For me, my topic on MOOCs came from some reflection on some course materials assigned this week, plus trends I’ve noticed in the last few years. I’ve heard some talk about MOOCs “threatening universities’ hold on higher education,” although it seems like most everyone agrees on that one that universities aren’t going anywhere. After I watched the Jesse Stommel video/cruised his website on hybrid pedagogy, I got thinking about MOOCs a little more and got curious on what is being said about MOOCs in K-12.

I had a couple other ideas, like “playful learning” and teaching coding (even for kids), but I landed on MOOCs because I thought it was most related to Information Literacy and could complement what we’ve already talked about. Not necessarily a lack, but an extension!

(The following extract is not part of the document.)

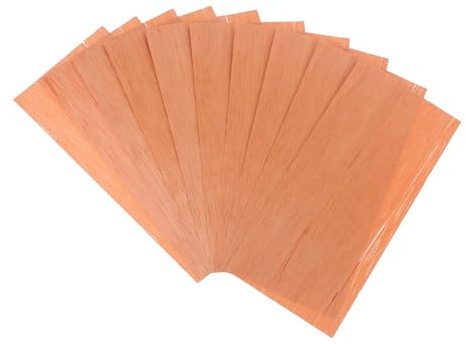 SMASOLO Cedar Sheets Cigar Box Wood Chips 10pcs 150x65mm 0.3mm Thickness Humidor Accessories for Cigar Box Freshening and Aromatic Enhancement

I liked the freedom of sharing articles of our choice (mostly because I LOVE sharing articles–this is my primary use of Twitter, after all), but to be honest, the process of writing annotations doesn’t feel especially useful to me anymore. Four out of the five of the library science courses I’ve taken have included a significant annotation requirement. Obviously, annotations are a VITAL skill for librarians-in-training, but I feel like I get the point. (It’s sort of like being asked to do group project after group project–I get it, we’ll have to collaborate in the real world. But actually, I’m already not bad at it in the real world.) It’s just getting a little old–not that my fatigue with these exercises will prevent me from busting it the next time I’m assigned one. I always do.

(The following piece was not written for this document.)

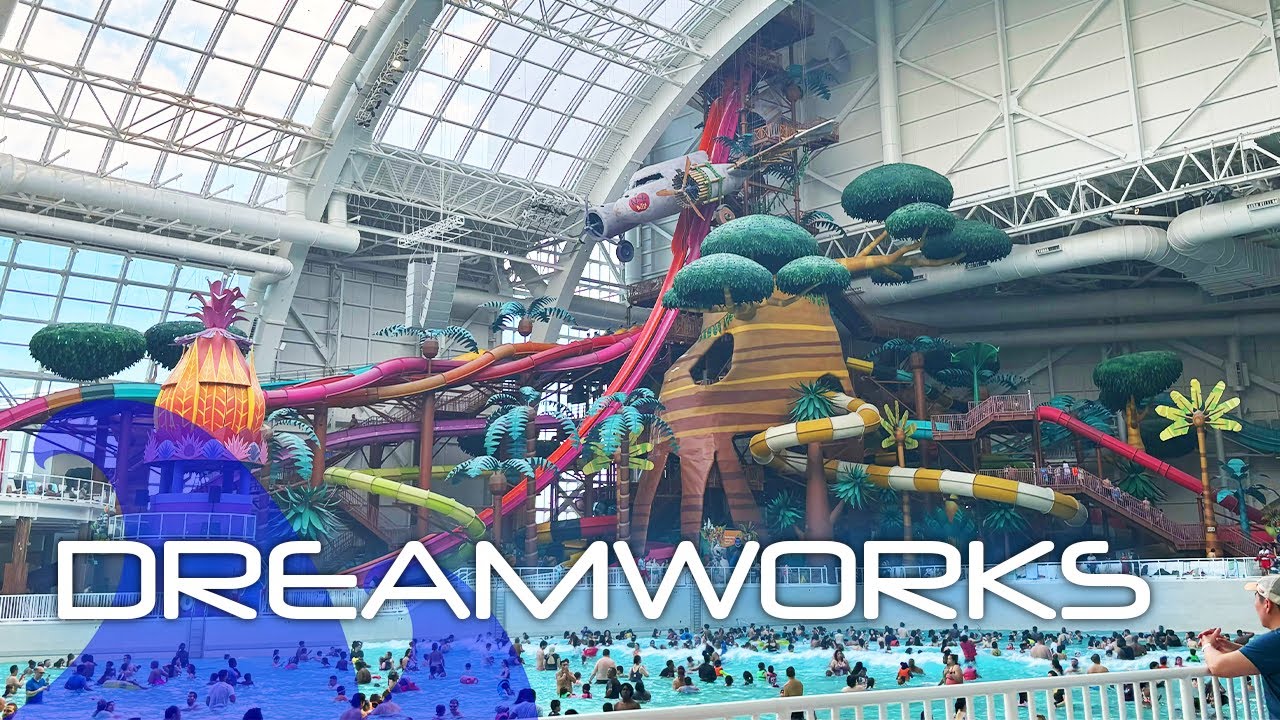 ALL WATERSLIDES at DreamWorks Water Park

I think searching for annotations is good for your information literacy skills, but also your reference/online search skills. With both of those areas, the main way to improve anyway is with practice!

Annotation: MOOCs in K-12

Locke, M. (2013). MOOC: Will these four letters change K-12? Scholastic Adminstr@tor, Summer 2013. Retrieved December 8, 2013, from http://www.scholastic.com/browse/article.jsp?id=3758098

This article describes the potential of MOOCs, or massive open online courses, being used in K-12 education They could be used for SAT prep or for schools that struggle to find instructors to lead an advanced course like AP Calculus. Unfortunately, cheating is hard to regulate and MOOCs also lack the relationship/teacher contact element that can be so important to younger learners. The author reviews advantages and disadvantages of the tool, but largely concludes that MOOCs could be useful as a supplement to the structures already in place. The article provides a succinct review of the possible impact and development of MOOCs in K-12 education and references a couple innovators in the field worth investigating.